__Information given__:
───
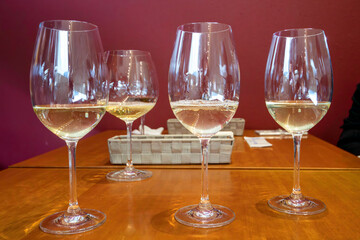 まずはスパークリングワインで乾杯。
松本市の有力な酒屋、おおつき酒店。
地元のワイン、日本酒を中心にハイクオリティなお酒を揃える。
この店舗は角打ち（スタンディングバー）が併設されていて、厳選されたワイン、日本酒を格安で楽しむことができる。

美しい長野の中核都市、松本市を歩く。

日本国長野県松本市 - 2021年11月6日。

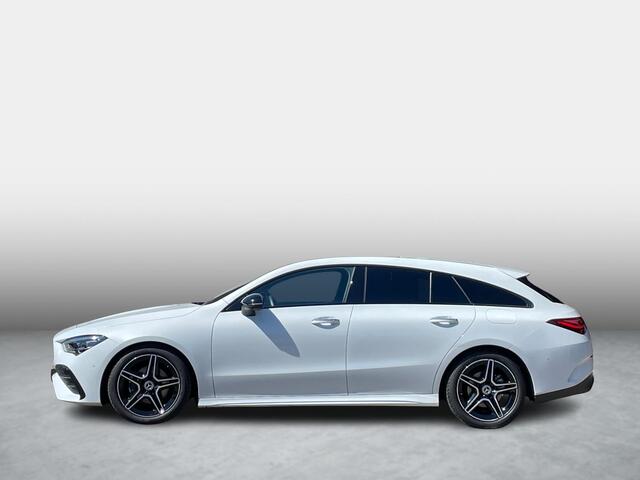 Mercedes-Benz CLA-KLASSE Shooting Brake 180 | Panoramadak | AMG Night | 360° Camera | Head-up display | Memorystoelen verwarmd | Sfeerverlichting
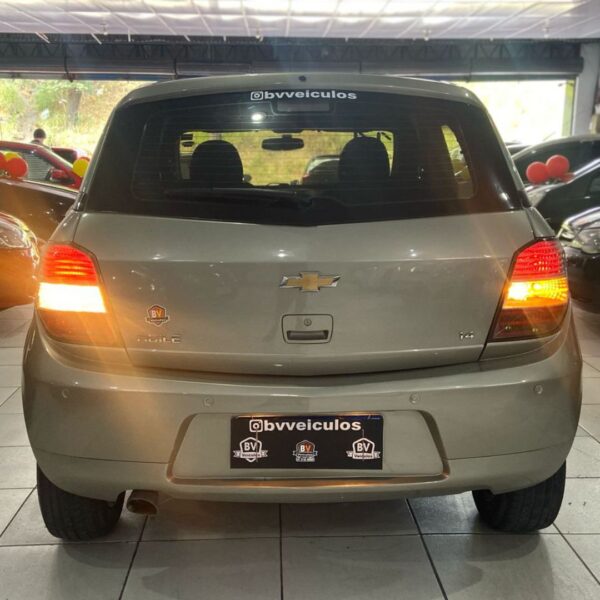 Chevrolet Agile LTZ 1.4 8V Flex 2011 Completo com GNV – em São Gonçalo - Imagem 7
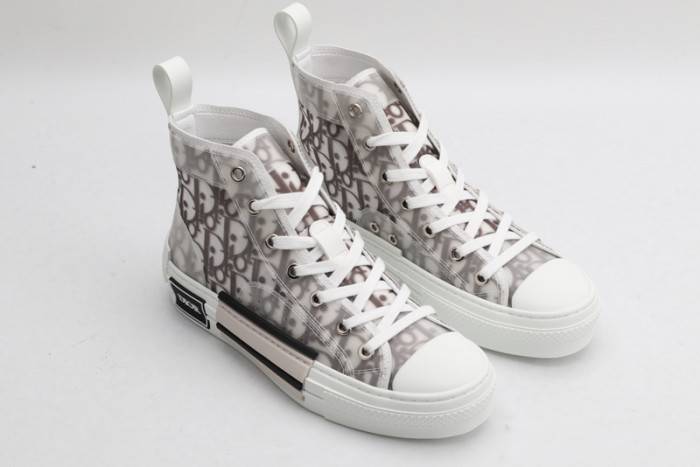 D10R B23 High Top Logo Oblique Sneakers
───
__Directions__:
An exact copy of the listing is required; return it without any pictures.

__Solution for this task__:
 まずはスパークリングワインで乾杯。
松本市の有力な酒屋、おおつき酒店。
地元のワイン、日本酒を中心にハイクオリティなお酒を揃える。
この店舗は角打ち（スタンディングバー）が併設されていて、厳選されたワイン、日本酒を格安で楽しむことができる。

美しい長野の中核都市、松本市を歩く。

日本国長野県松本市 - 2021年11月6日。

 Mercedes-Benz CLA-KLASSE Shooting Brake 180 | Panoramadak | AMG Night | 360° Camera | Head-up display | Memorystoelen verwarmd | Sfeerverlichting
 Chevrolet Agile LTZ 1.4 8V Flex 2011 Completo com GNV – em São Gonçalo - Imagem 7
 D10R B23 High Top Logo Oblique Sneakers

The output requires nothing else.